One thing I'm keen on working on is a bit of evangalism and to start of I'd like to put together a State of the JSR Blog Post.
The idea is to put together a single post that sums up where we are, where we want to be and how we intend to get there.
I'd love to hear how everybody's thoughts.
To start things of I just like to play devils advocate with the Misson Statement as set out at
https://github.com/datagrids/spec/wiki/Mission-Statement. I just going to consider it line by line and try to challenge what it says. Could I ask everybody else to do the same. Don't look to defend it but be as critical as you possibly can be. Let's see how it holds up to scrutiny.
- This specification (JSR-347) aims to specify APIs and behaviours necessary to be build portable applications which store their data in a distributed data grid, including retrieving, storing and managing the data.
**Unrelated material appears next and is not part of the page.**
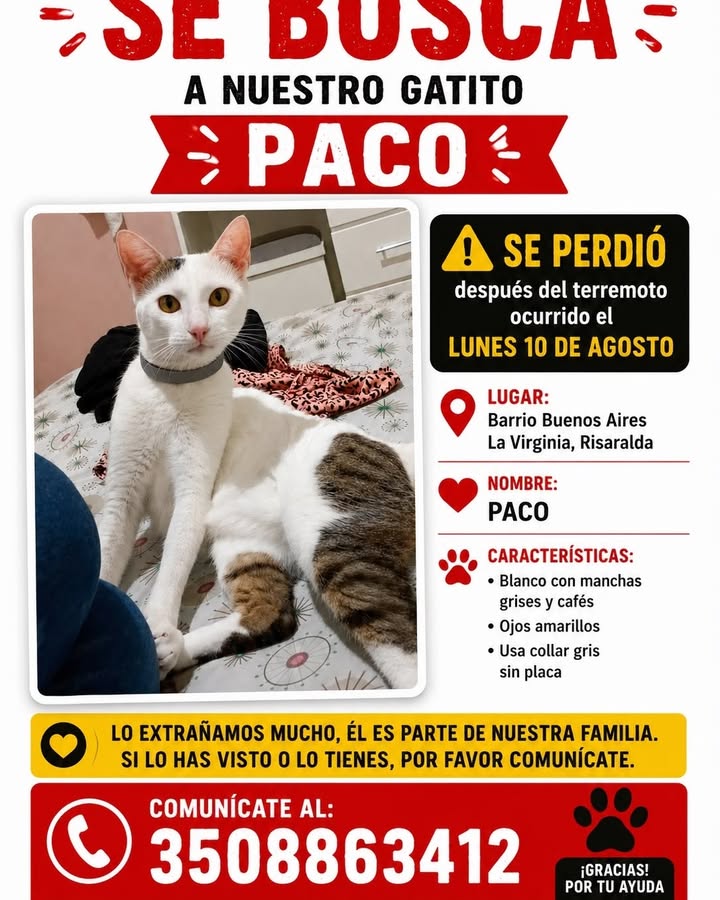 Gatito Paco perdido en La Virginia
- Is it really about datagrids, or are they just one implementation method? Isn't this really about APIs for working with large distributed data sets. Isn't Datagrid an implementation details, like using a Hash or Linked List?
- Do we need a logical model. The collections API has interfaces for Maps, Sets and Lists. Is there an equivalent set of abstract concepts for dealing with large Data Sets?
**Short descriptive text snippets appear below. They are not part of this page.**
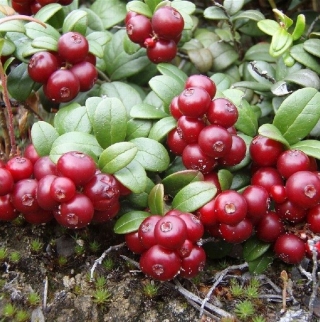 Брусника Рубин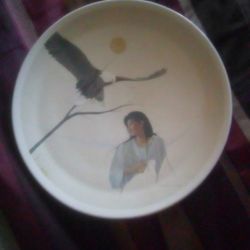 Native American Collector Plate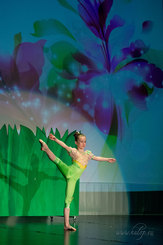 33. koncert souboru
- The primary API will be built upon JSR-107, the JCACHE API. In addition to it’s generified Map-like API to access a Cache, JSR-107 defines APIs for spooling in-memory data to persistent storage, an API for obtaining a named Cache from a CacheManager and an API to register event listeners. It also offers a number of optional features such as annotation support and transaction integration.
- Do we need to build upon JSR-107. If we have a separation of concerns can we leave the JCACHE APIs as they are to be used when Caches are being used for implementation?
- Why is JSR-107 being used as a starting point. What about the range of APIs that various products like Cassandra, Pig, MongoDB, Coherence and the like have defined. What commonalities are there? Where to they diverge and why?
- JSR-347 proposes to add a number of abilities, including: an async API, support for distributed code execution (both arbitrary and based around map/reduce),
- Does distributed code execution really belong in this JSR. Shouldn't it have a JSR all to itself.
- a grouping (co-location) API,
- Is Infinispan the best model for this. Do any of the other products take a different approach?
- CDI (Contexts and Dependency Injection) support (building on the annotation support in JSR-107),
- Is there any API changes needed for this? Any new annotations? Isn't a datagrid simply an implementation strategy for Contexts?
- modes of operation (replication vs. distribution), varying levels of consistency for distribution (total vs. eventual) and both programmatic and XML based configuration.
- Isn't all this implementation detail? Isn't it better to leave stuff like this out of the standards?
I being deliberately critical here and trying to push out some straw man arguments to get people talking.
Regards,
Ged